One problem that I can immediately foresee is that it's probably not possible to capture all of the possible variance in victory styles or challenges. So something that might be really hard to do, but hasn't been thought of as an option (complete the game confused by the IBM guild manual, say), wouldn't count as a legitimate challenge simply because it hasn't hit the leaderboard.
That's true, but it's not a 'problem'. It's not lacking something that the current hiscore offers. :)

(Also, by making the 'top' challenges intentionally impossible (or close to), there's plenty of futureboth in the currently-supported system of forum challenges and bragging, and in working out how to 'do the impossible'.)

07-31-2014 10:34 PM
Ancient Member
Quote Originally Posted by sylph
To explain my reasoning - the trouble I had with this approach, is that players seeking the top of the highscore would have to go back and 'collect' all the 'easy' challenges. It's not an issue in situations where the top-difficulty challenges include the earlier ones (since you could just get them all in one fell swoop), but would be a pain if the acheivements end up being less 'grouped'. In the examples I gave, for instance, a player that had won the game in under 30 minutes might have to go back and do it in under 30,000 turns, then go back again and get the fire orb in under 20,000! I know it's doubtful, but there would be something liberating in thinking 'yes, I'm adamantium level, I don't have to worry about going and picking up all those mithril achievements anymore'.
More importantly, it lets a player that doesn't like, for example, speedrunning the game, play without it! That is, you're not forced to play the game a certain way to acheive a high score. If you don't like playing melee characters, you can simply skip the easier melee challenges and still work your way up the leaderboard.
Also, it doesn't seem as straight forward as just trying to get more adamantium acheivements than your rival!

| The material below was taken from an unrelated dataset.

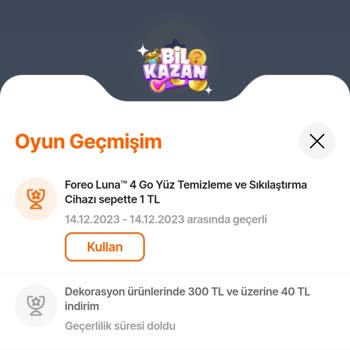 Hepsiburada Bil. Kazan Sepette 1 TL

That being said, I'm probably just being me here, and giving 'points' for achievements depending on their difficulty might well be a better way of doing it. Tthe suggestion is, essentially, ranking players based on their acheivement total, however it's ultimately acheived (points, tiers etc).
The problem of scoring, say, 1 adamantium more than 20 mithril is that then, for the leaderboard to make any sense at all, you have to make sure that all the achievement sets are balanced among each other (i.e. that there is no mithril achievement that is easier that a given adamantium achievement). That sounds very difficult (as achievements can be about widely different things and it's hard to evaluate their difficulty) and I don't think it's even desirable - it's OK if relatively new players can get a decent-level achievement in an easy category. For example, there could be a carpenter achievement line where killing the carpenter is iron and saving him is mithril - this mithril will obviously be way easier than ending-the-game mithril, but that shouldn't break the ranking a lot. However if that mithril scores more than 20 irons it's problematic.

07-31-2014 11:16 PM
Ancient Member
Quote Originally Posted by Al-Khwarizmi
The problem of scoring, say, 1 adamantium more than 20 mithril is that then, for the leaderboard to make any sense at all, you have to make sure that all the achievement sets are balanced among each other (i.e. that there is no mithril achievement that is easier that a given adamantium achievement). That sounds very difficult (as achievements can be about widely different things and it's hard to evaluate their difficulty) and I don't think it's even desirable - it's OK if relatively new players can get a decent-level achievement in an easy category. For example, there could be a carpenter achievement line where killing the carpenter is iron and saving him is mithril - this mithril will obviously be way easier than ending-the-game mithril, but that shouldn't break the ranking a lot. However if that mithril scores more than 20 irons it's problematic.
Well, Olympic medals work kind of the same way. 1 gold ranks higher than 20 silver, even if the gold is in an "easier" event.